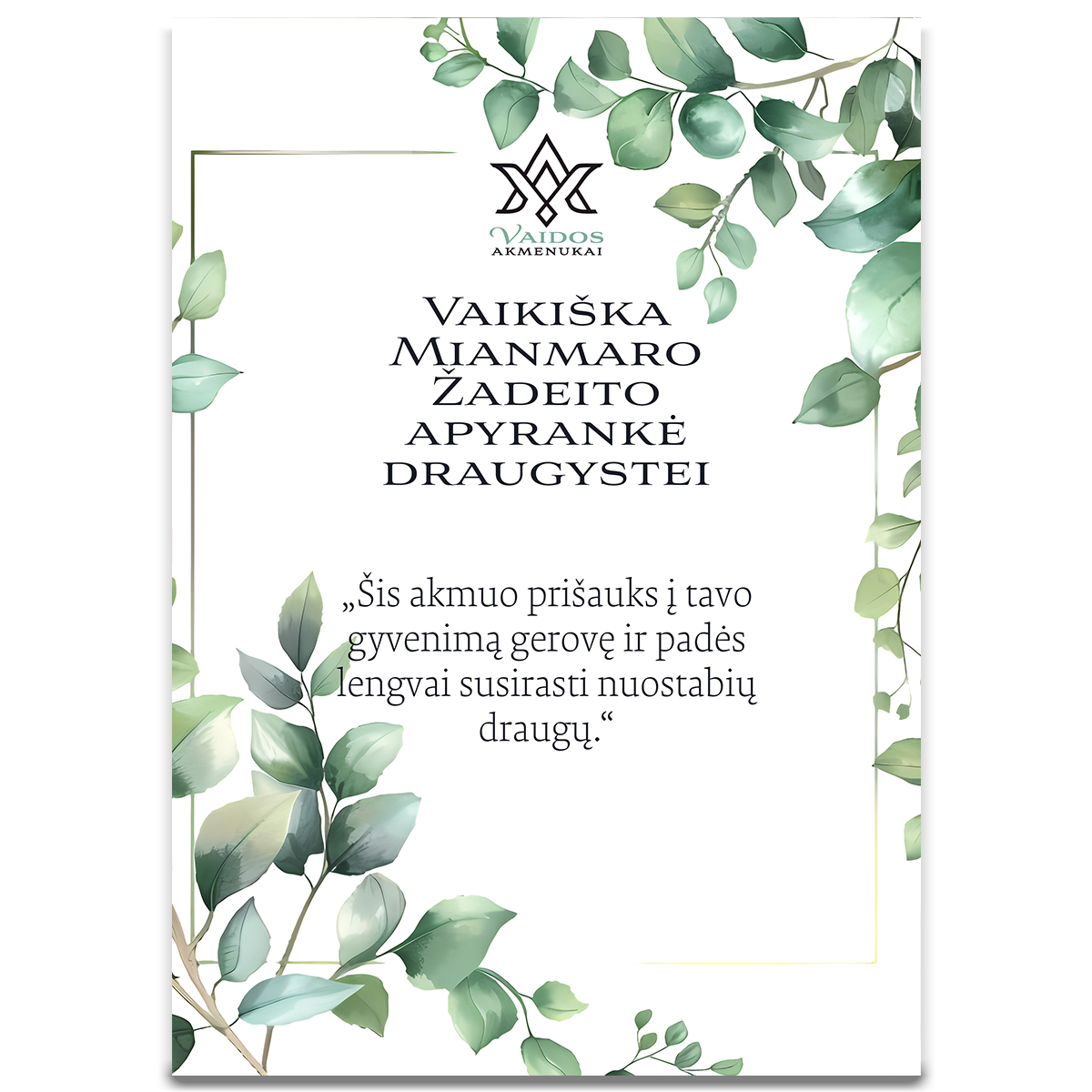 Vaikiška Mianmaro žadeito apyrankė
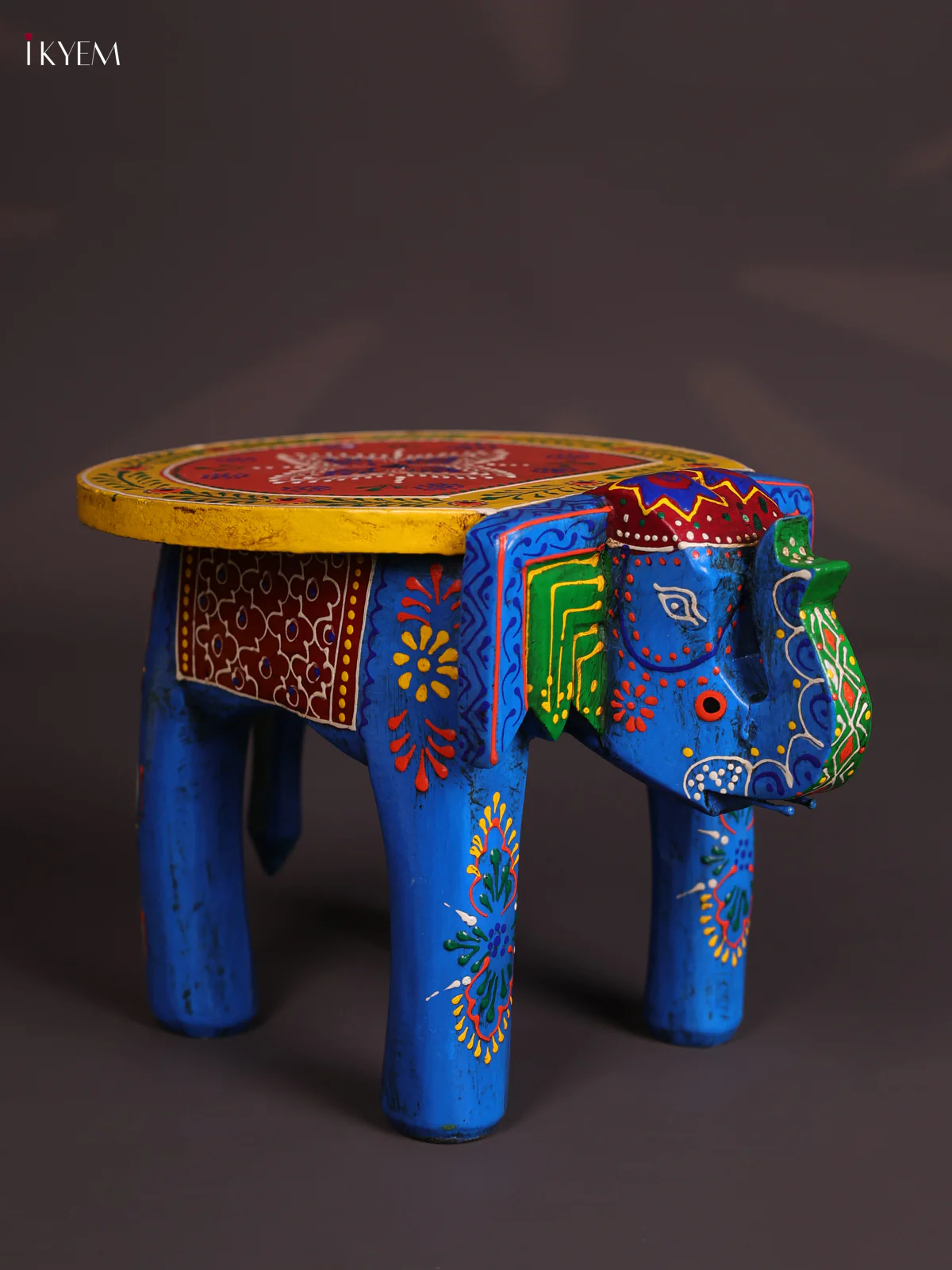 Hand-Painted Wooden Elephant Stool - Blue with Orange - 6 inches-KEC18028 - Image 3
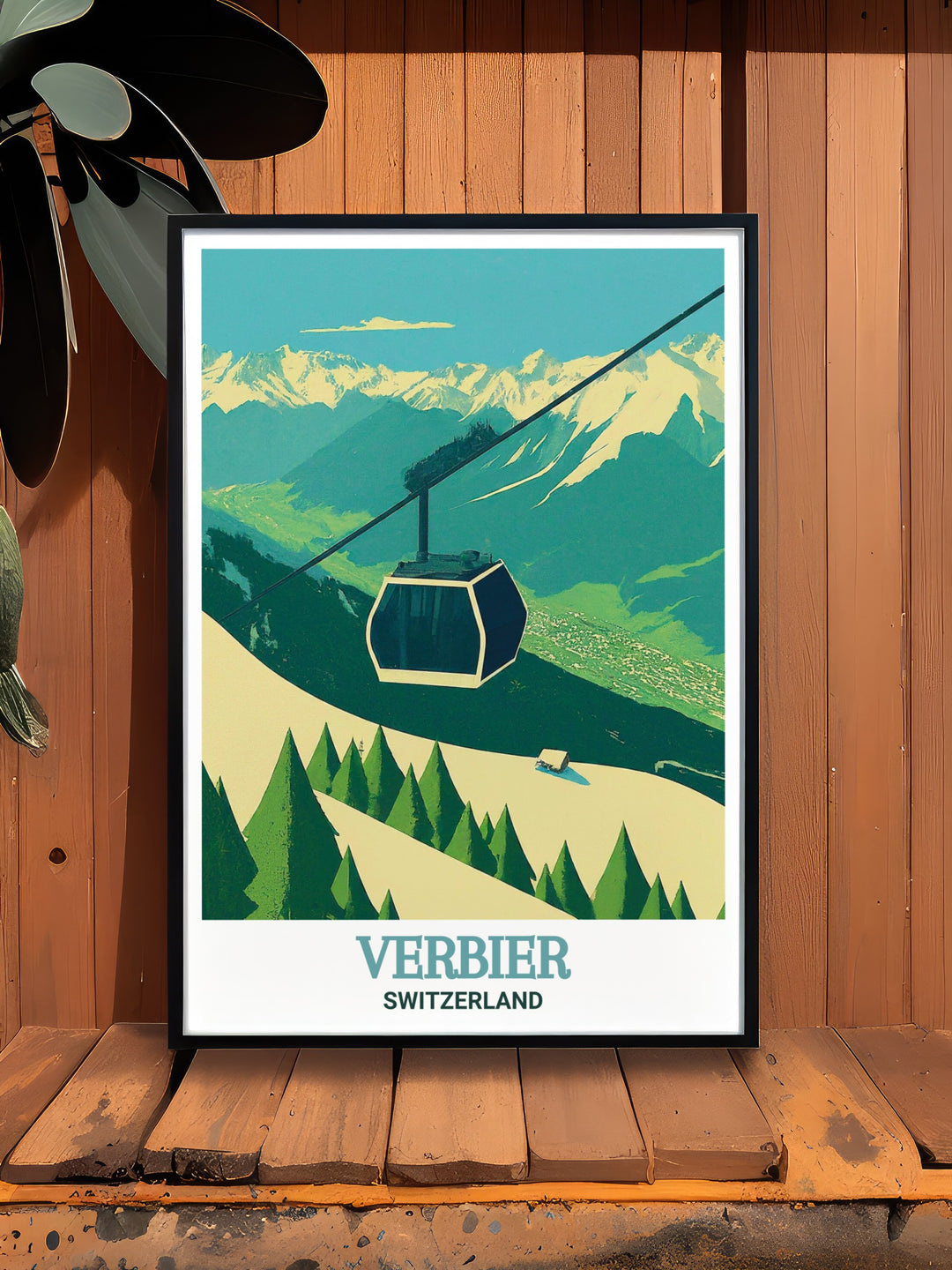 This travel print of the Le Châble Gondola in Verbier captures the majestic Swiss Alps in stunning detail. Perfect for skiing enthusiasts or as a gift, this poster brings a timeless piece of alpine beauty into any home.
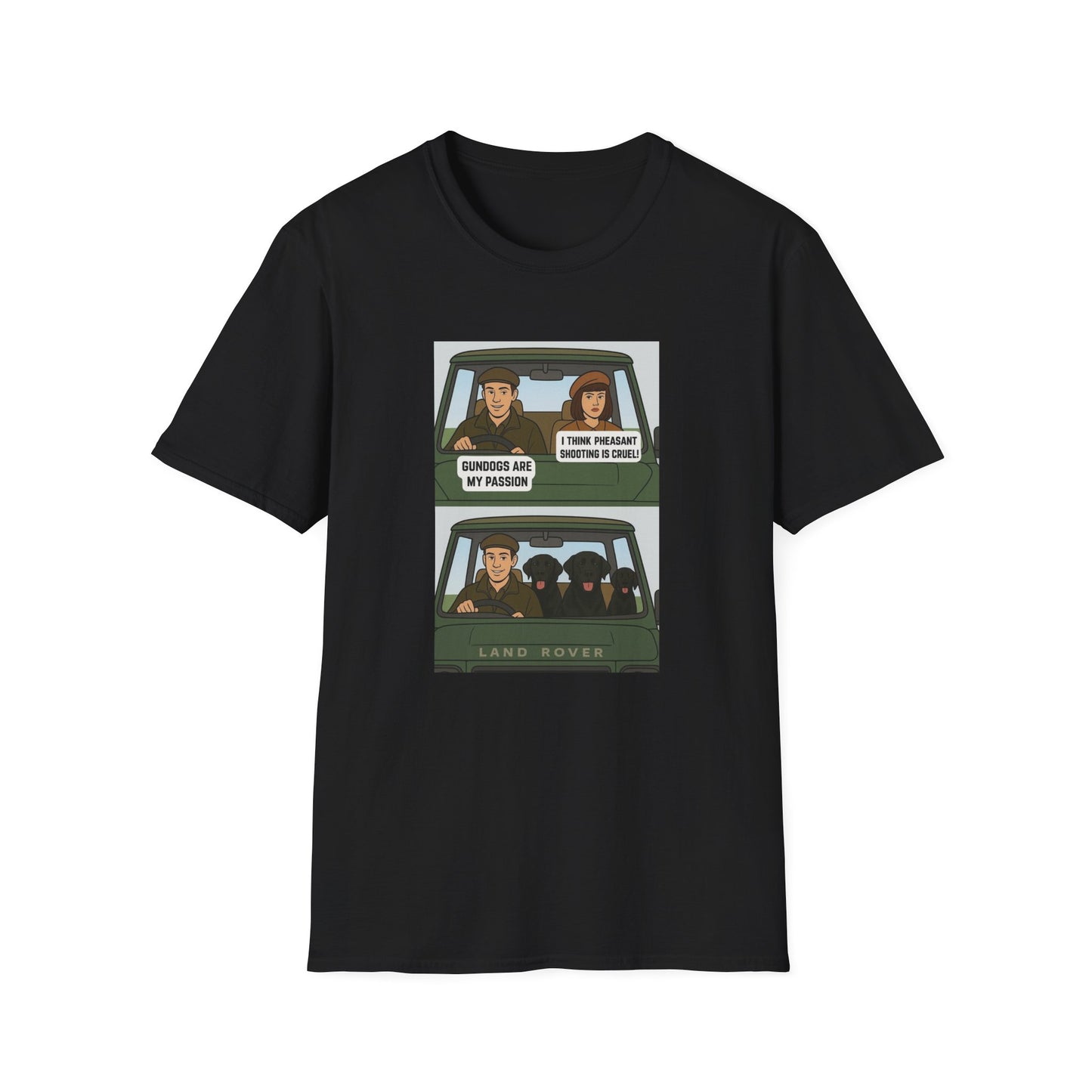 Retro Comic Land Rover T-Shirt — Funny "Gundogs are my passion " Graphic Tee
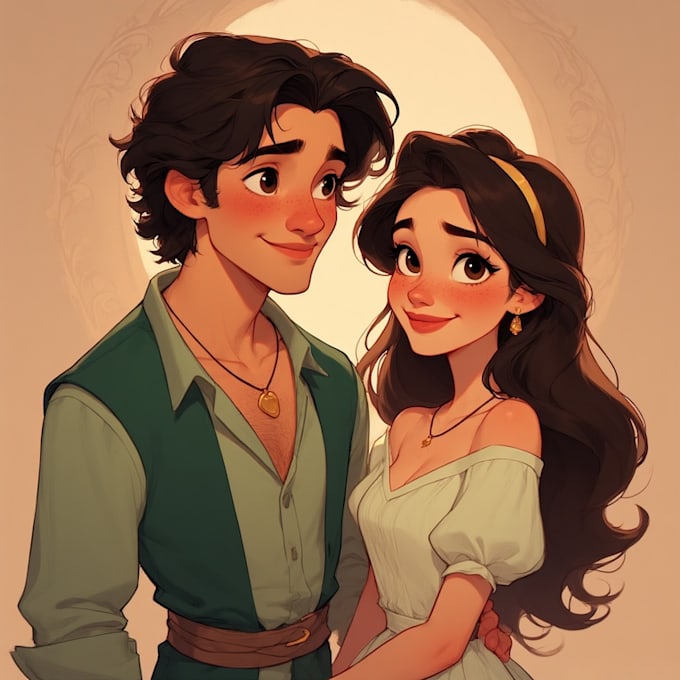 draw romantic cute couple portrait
__________________________________________________
§ **EXERCISE REQUIREMENTS**:
Write the data above out again exactly, every line of it, and exclude the pictures.

§ **OUTPUT FOR THIS TASK**:
 Vaikiška Mianmaro žadeito apyrankė
 Hand-Painted Wooden Elephant Stool - Blue with Orange - 6 inches-KEC18028 - Image 3
 This travel print of the Le Châble Gondola in Verbier captures the majestic Swiss Alps in stunning detail. Perfect for skiing enthusiasts or as a gift, this poster brings a timeless piece of alpine beauty into any home.
 Retro Comic Land Rover T-Shirt — Funny "Gundogs are my passion " Graphic Tee
 draw romantic cute couple portrait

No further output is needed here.